Con motivo de la publicación del acto írrito “constituyente” contra el odio y por la convivencia pacífica y la tolerancia (Gaceta Oficial del 8-11-17), se advirtió sobre su segura y torcida aplicación a los fines de la más efectiva amenaza por cualquier discurso que de alguna manera pudiera afectar a quienes detentan el poder.

La procesión de la Divina Pastora constituyó la oportunidad propicia para que los obispos López Castillo y Basabe expresaran en sus homilías el común sentimiento y reclamo por las injusticias que padecemos y denunciaran, con crudeza, el hambre, la corrupción y las carencias de un pueblo que, sencillamente, clama por mejores condiciones de vida.              

Calificar estas alocuciones como discursos de odio, que implican discriminación, segregación o persecución por motivaciones raciales, políticas, de sexo, religiosas o de condición social, con manifiesta lesión a la dignidad humana es, por decir lo menos, un despropósito o un auténtico disparate.

La denuncia de los males que agobian a la sociedad venezolana en un momento en el cual el pueblo sufre todo tipo de privaciones, incluyendo la grave afectación del núcleo familiar que hoy se desperdiga por el mundo, aventando a tantos jóvenes fuera del calor de la patria, en busca de un futuro que se les niega en esta tierra de gracia y de promesas incumplidas, no acepta ser objeto de la censura e incriminación por pretendido odio, cuando, por el contrario, se trata de llamar a la cordura, a la tolerancia, a la convivencia pacífica y, en particular, a la salvaguarda de los valores supremos del ser humano, imagen de Dios.

Los responsables de los asuntos públicos deben reflexionar sobre las advertencias de los obispos López Castillo y Basabe, quienes, sencillamente, recogen las advertencias reiteradas de la Conferencia Episcopal Venezolana  en sus documentos y, de manera concreta, en la última exhortación del 12 de enero de 2018.             

Callar ante la realidad que nos golpea en la familia, en la calle y en el trabajo sería una omisión criminal; y reclamar por los males que afligen al pueblo, producto y amargo fruto de un proyecto político inviable, impuesto por poderes dependientes y solo con una mera apariencia de legalidad, es una exigencia de justicia que no puede soslayarse, siendo moral y jurídicamente inaceptable el régimen que lo sustenta.

En este momento, por lo demás, se impone recordar las consideraciones que expresara el TSJ en la sentencia en la cual se acordó desestimar la denuncia del doctor Hermann Escarrá contra el presidente Chávez, por instigación al odio, sosteniéndose, ante la dureza y violencia de su discurso, que el primer magistrado había ejercido el derecho a la libertad de expresión, el cual “comprende la libertad de crítica aun cuando la misma se tilde de brusca y pueda molestar, inquietar o disgustar a quienes se dirige, pues en ello consiste el pluralismo, la tolerancia y el espíritu de apertura, concepciones propias de la sociedad democrática”, añadiendo la necesidad de no atender al simple significado de las palabras, ni a lo “impropio de interpretar literalmente las normas que, de alguna manera, obstaculicen el ejercicio del derecho a la libertad de expresión”.

Pero, en el caso de los obispos, no se trata simplemente del ejercicio de un derecho.

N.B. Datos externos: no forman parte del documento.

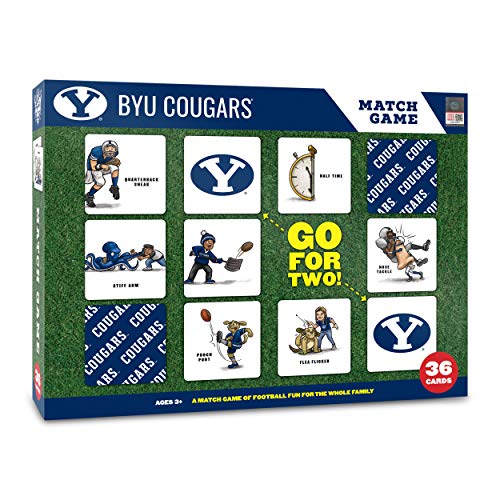 Image of YouTheFan NCAA Officially-Licensed Memory Match Game - Humorous, Team-Specific, Original Hand-Drawn Artwork, Fun for the Whole Family, for Fans Young and Old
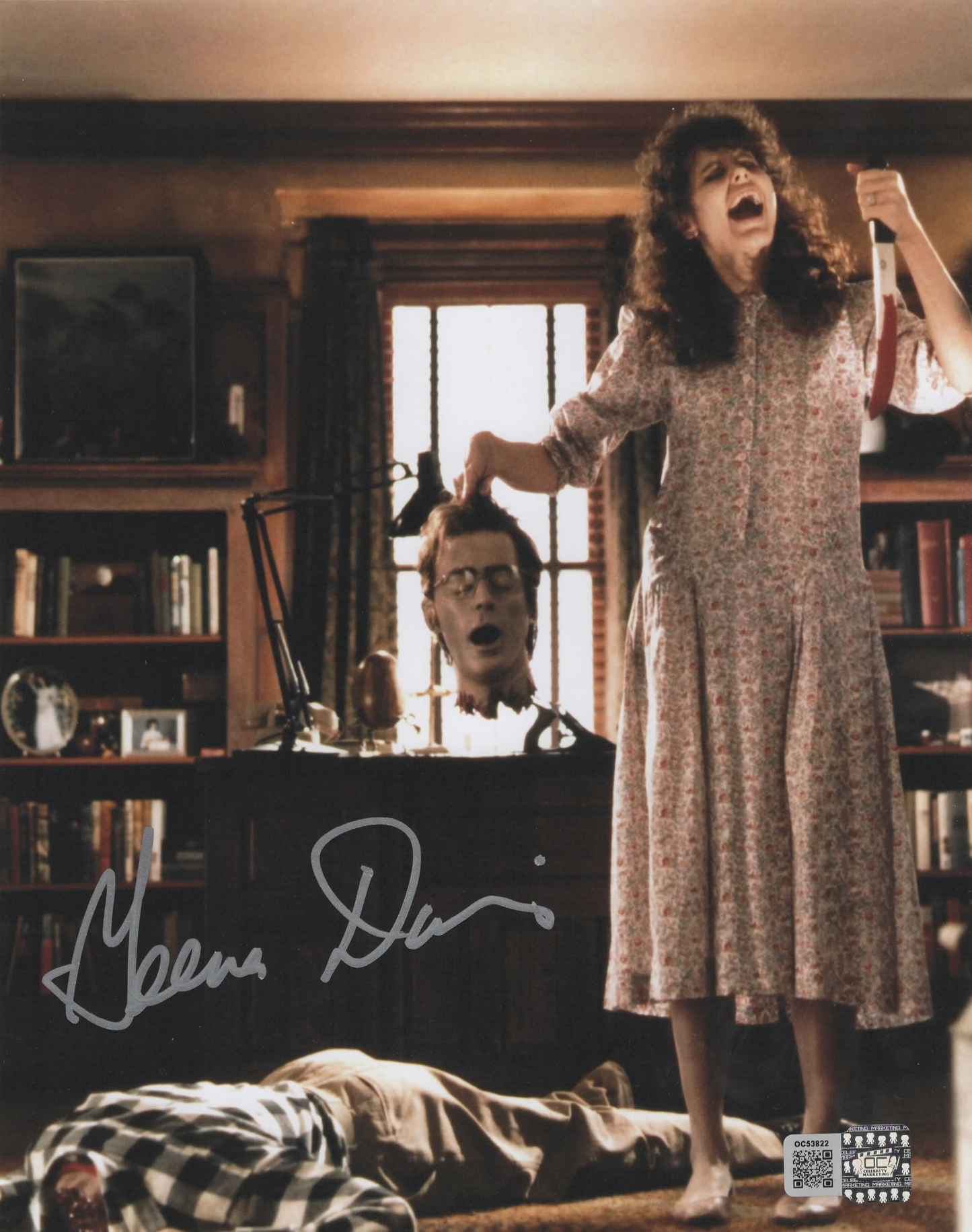 Geena Davis signed 8x10 Beetlejuice photo 1C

Sus advertencias, sus reclamos fundados y sus denuncias ante el agravio al pueblo, concretan el ejercicio de un deber irrenunciable como pastores de quienes sufren y exigen respeto y justicia.

Dejemos a un lado la disparatada ley contra el odio, redactada para estimularlo como fórmula de retaliación política y prestemos oídos a la voz de quienes, con su auctoritas certificada, son profetas e instrumentos de una Venezuela que no puede permanecer impasible ante el atropello a los más débiles de esta sociedad, a la que pretende imponerse un régimen desconocedor del sistema de libertades.